Brief
Omit all pictures. Quote the lines from the one with "nghẹt thở Everton" through the end of the listing below, exactly as they appear.

Supplied material
▬▬▬▬▬▬

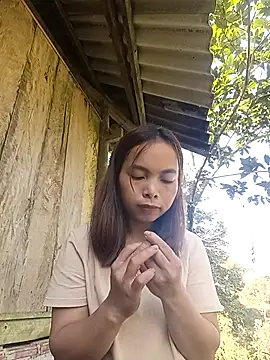 Nguyet2k4 online show from 02/06/26, 04:08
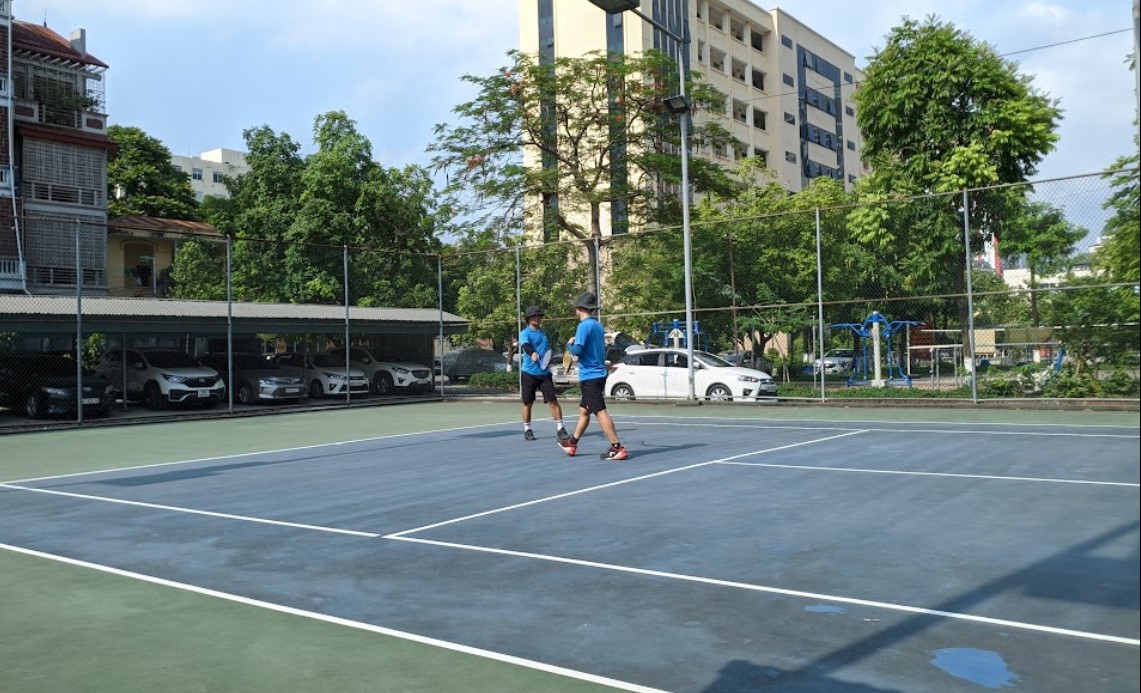 Sân tennis 62 Trần Bình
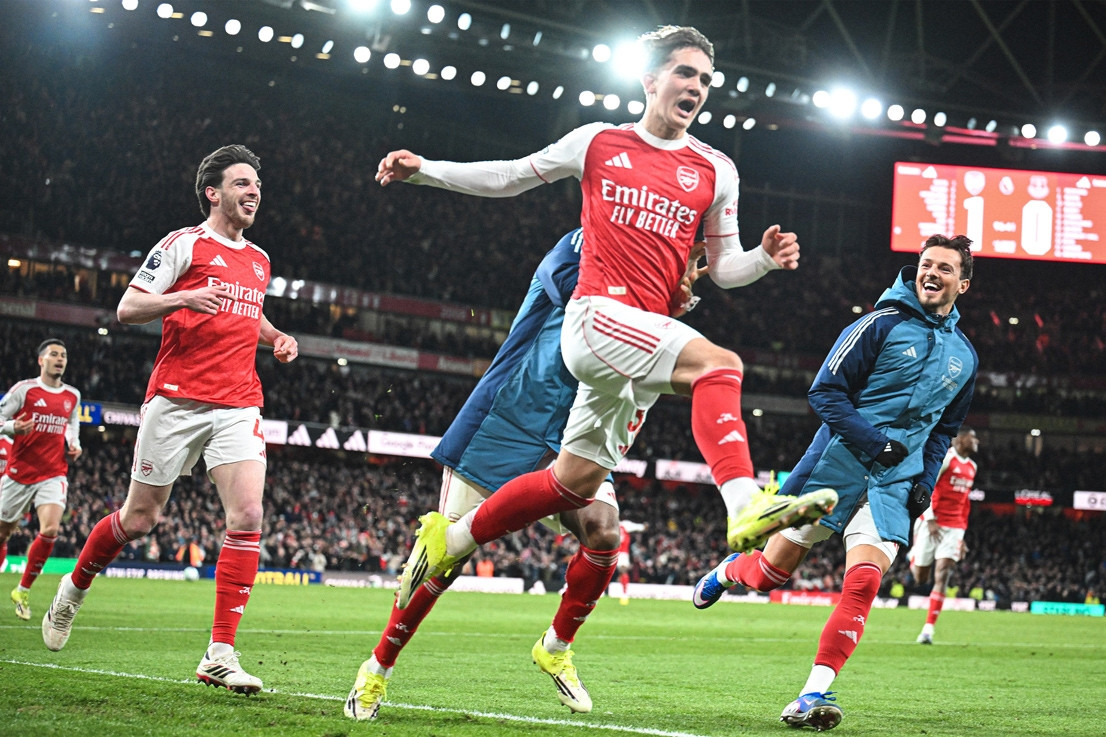 'Thần đồng' 16 tuổi giúp Arsenal thắng nghẹt thở Everton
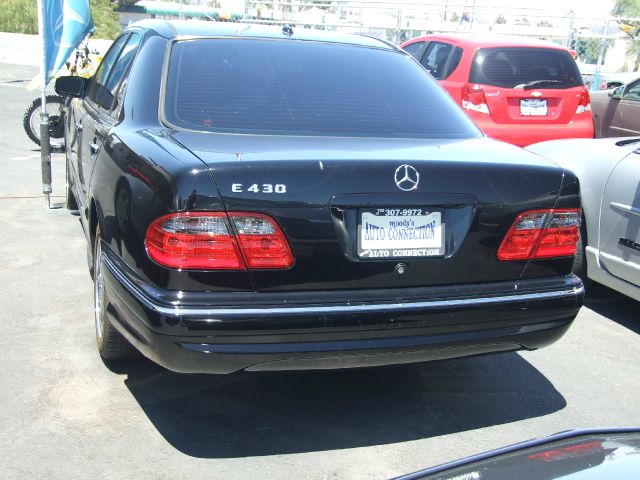 2000 Mercedes-Benz E-Class Scion XB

▬▬▬▬▬▬

Written answer
 'Thần đồng' 16 tuổi giúp Arsenal thắng nghẹt thở Everton
 2000 Mercedes-Benz E-Class Scion XB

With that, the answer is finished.